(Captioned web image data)

══════════════════════════════

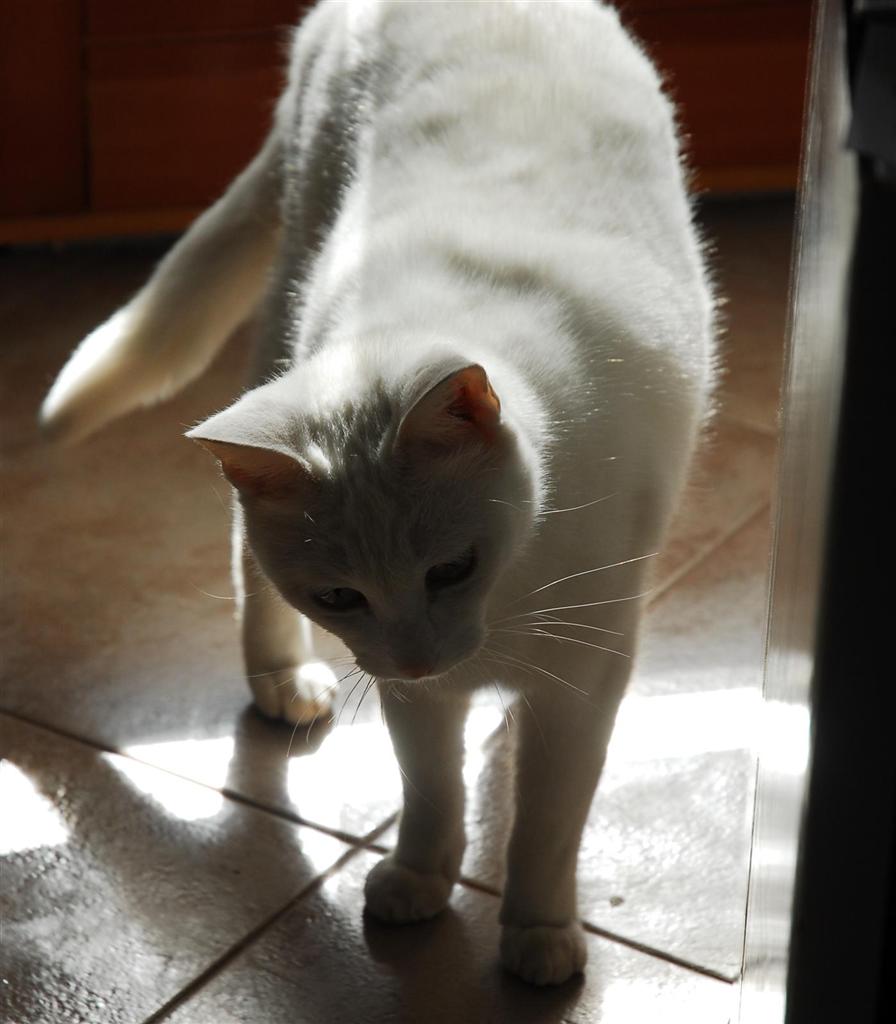 fanny cat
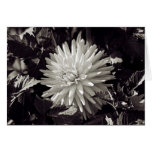 Dahlia Among the Leaves (Black and White) Greeting Card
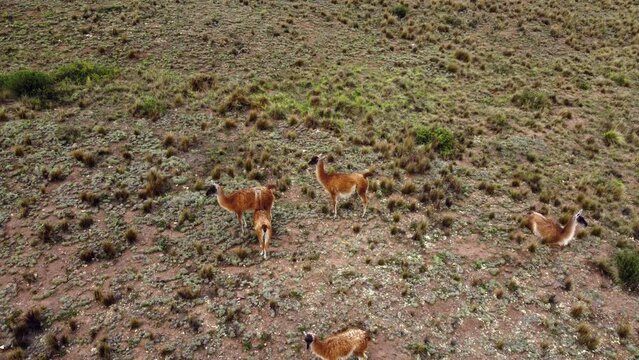 Lamas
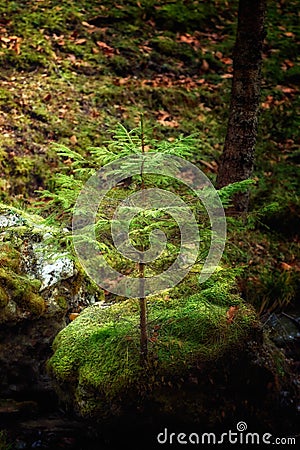 Winning sprit of a tree grew on a rock Stock Photo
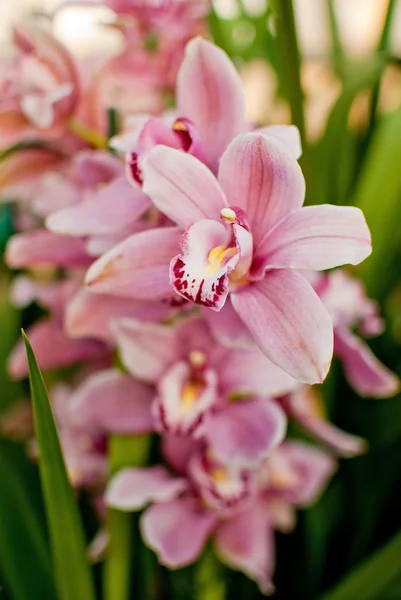 Orchidacee rosa — Foto Stock
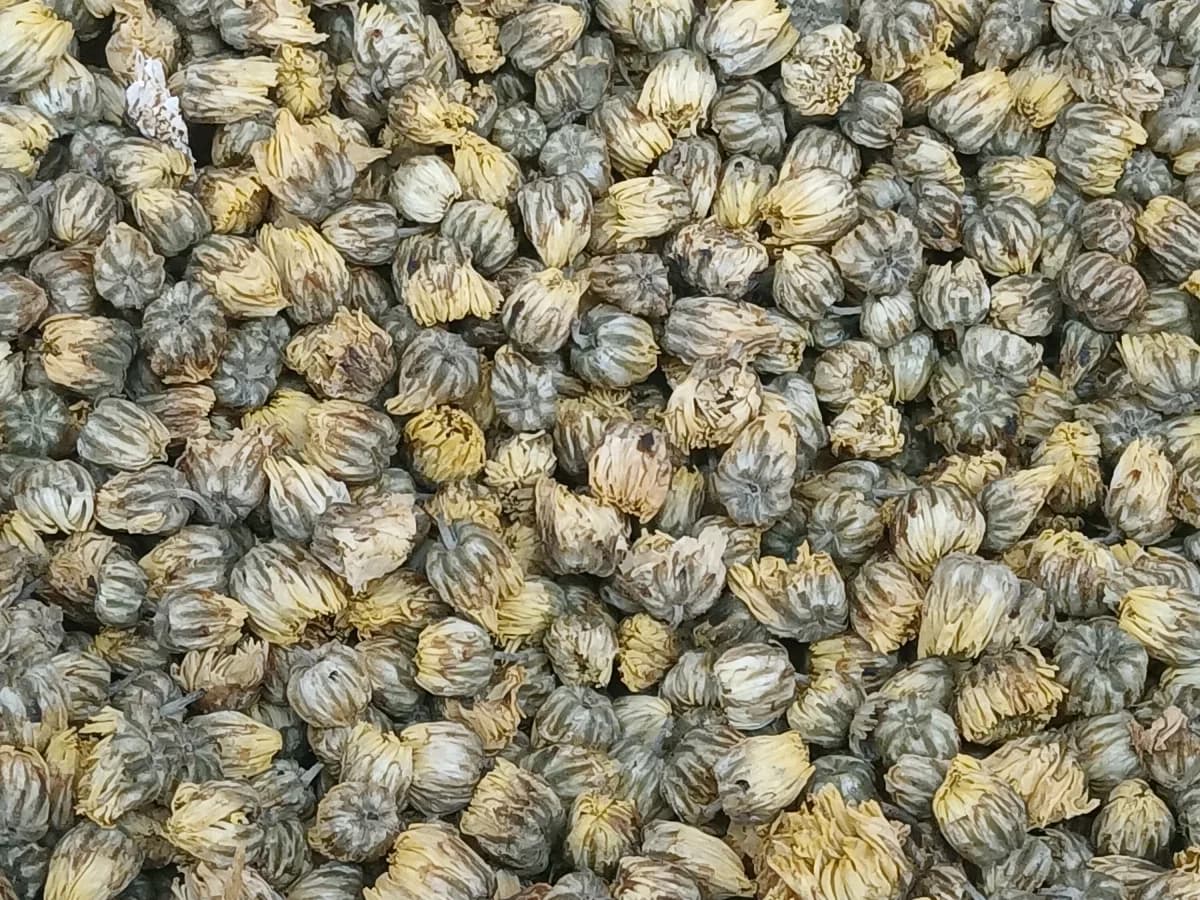 Dried chrysanthemum blossoms representing Chinese herbal and flower infusions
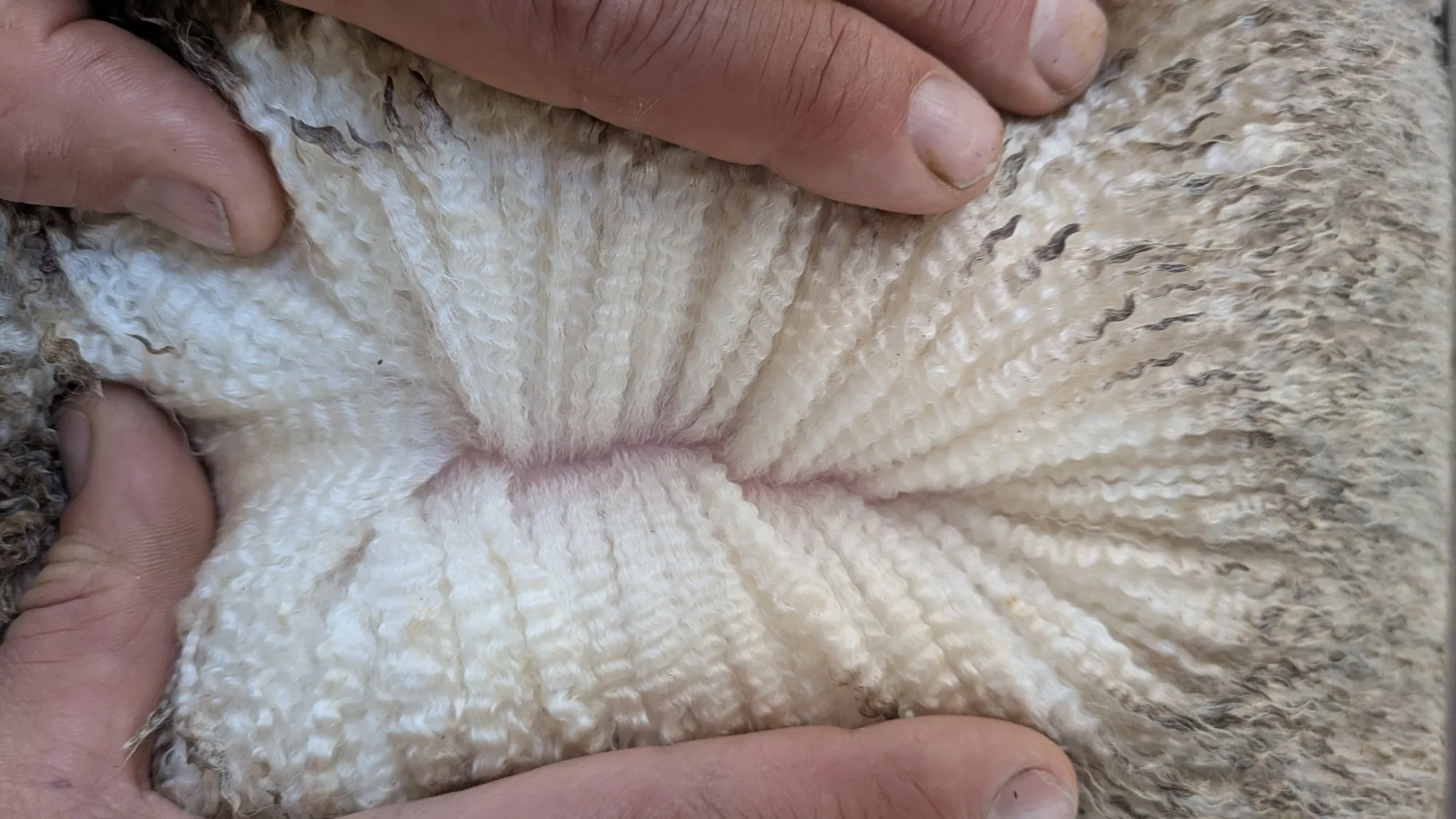 Mumblebone Lot 117, 2026 Ram Sale Merino ram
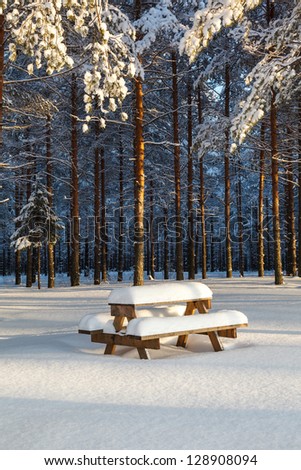 Winter pine forest and a table with benches under a layer of snow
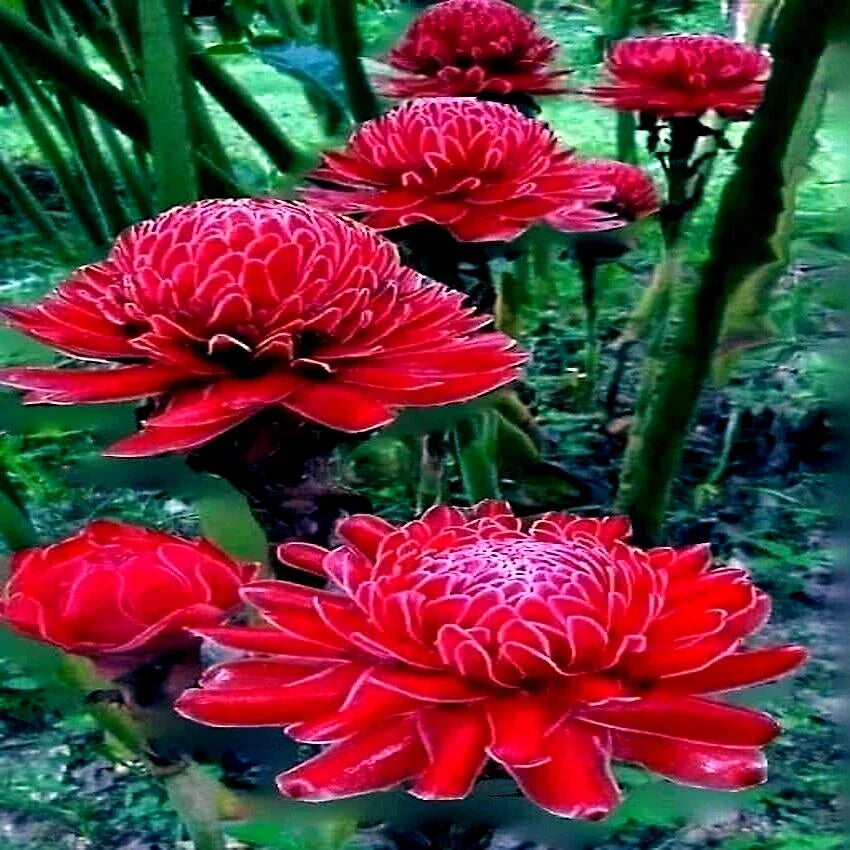 10 Red Torch Ginger Seeds - Etlingera elatior - Exotic Tropical Flower Seeds for Gardens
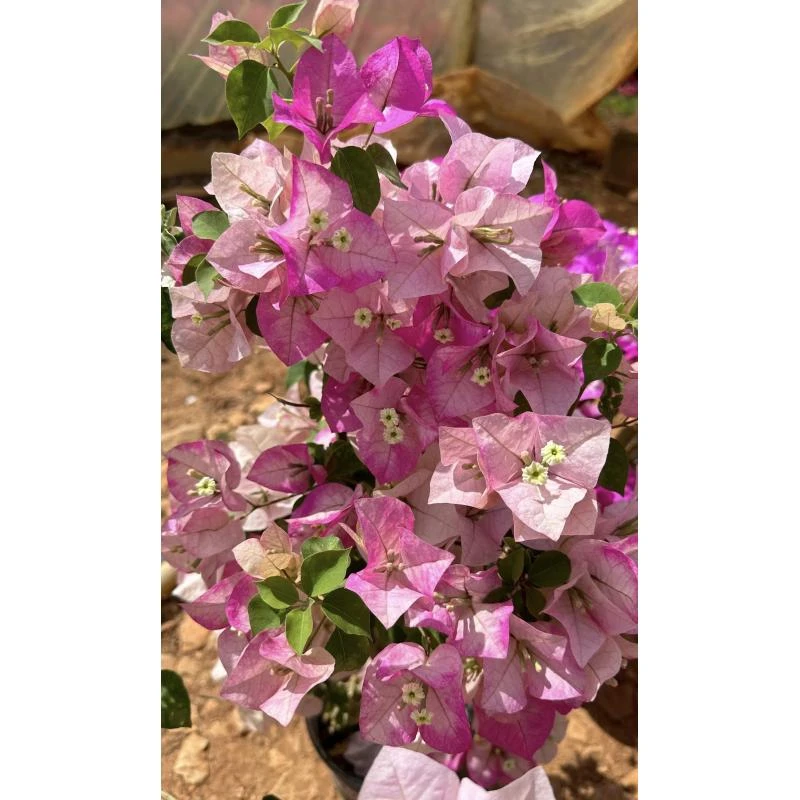 新品【末代皇后】三角梅好养阳台勤花可爬藤可垂丝勤花不带花
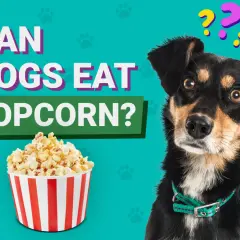 Czy pies może jeść popcorn? Pytanie zadaje ciekawski piesek obok miski popcornu.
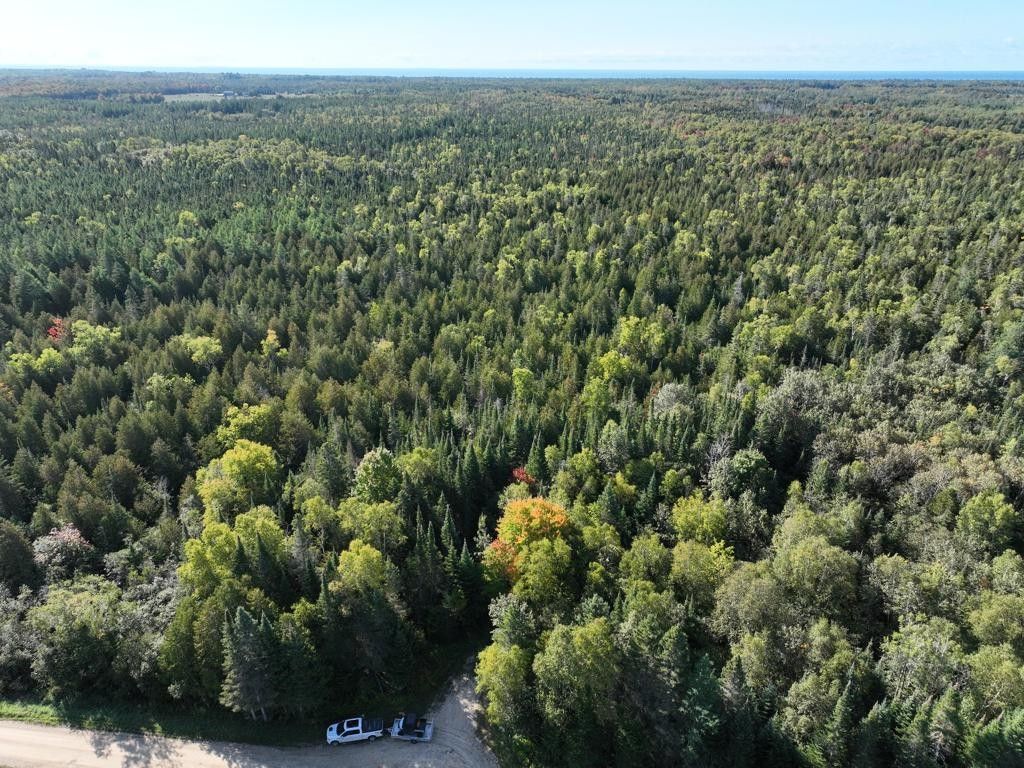 Gulliver, Schoolcraft County, MI Undeveloped Land for sale Property ID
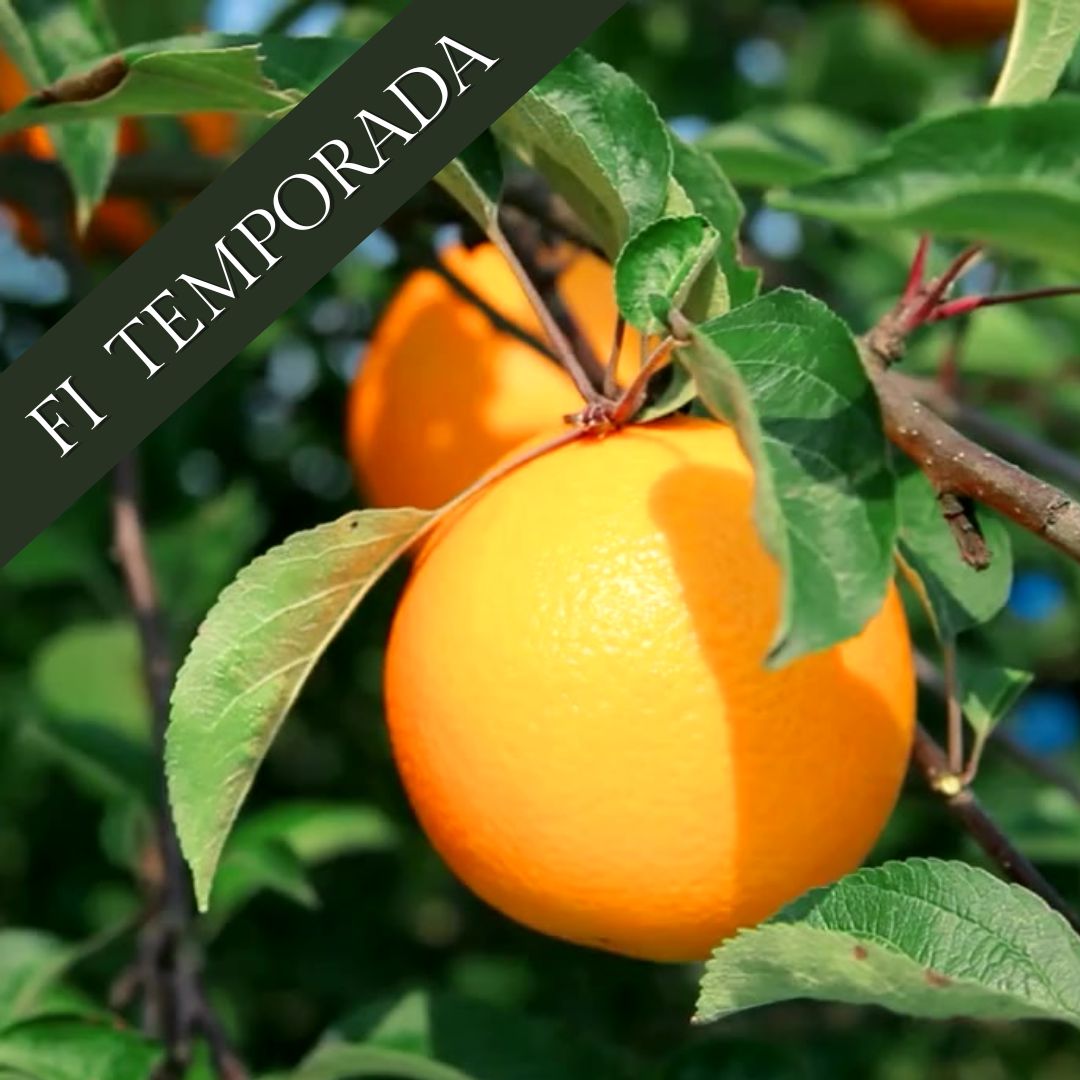 Taronges PREMIUM POWELL 10Kg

══════════════════════════════

* **Task to complete**:
Please transcribe every record above exactly as written, leaving out the pictures.

* **Task output**:
 fanny cat
 Dahlia Among the Leaves (Black and White) Greeting Card
 Lamas
 Winning sprit of a tree grew on a rock Stock Photo
 Orchidacee rosa — Foto Stock
 Dried chrysanthemum blossoms representing Chinese herbal and flower infusions
 Mumblebone Lot 117, 2026 Ram Sale Merino ram
 Winter pine forest and a table with benches under a layer of snow
 10 Red Torch Ginger Seeds - Etlingera elatior - Exotic Tropical Flower Seeds for Gardens
 新品【末代皇后】三角梅好养阳台勤花可爬藤可垂丝勤花不带花
 Czy pies może jeść popcorn? Pytanie zadaje ciekawski piesek obok miski popcornu.
 Gulliver, Schoolcraft County, MI Undeveloped Land for sale Property ID
 Taronges PREMIUM POWELL 10Kg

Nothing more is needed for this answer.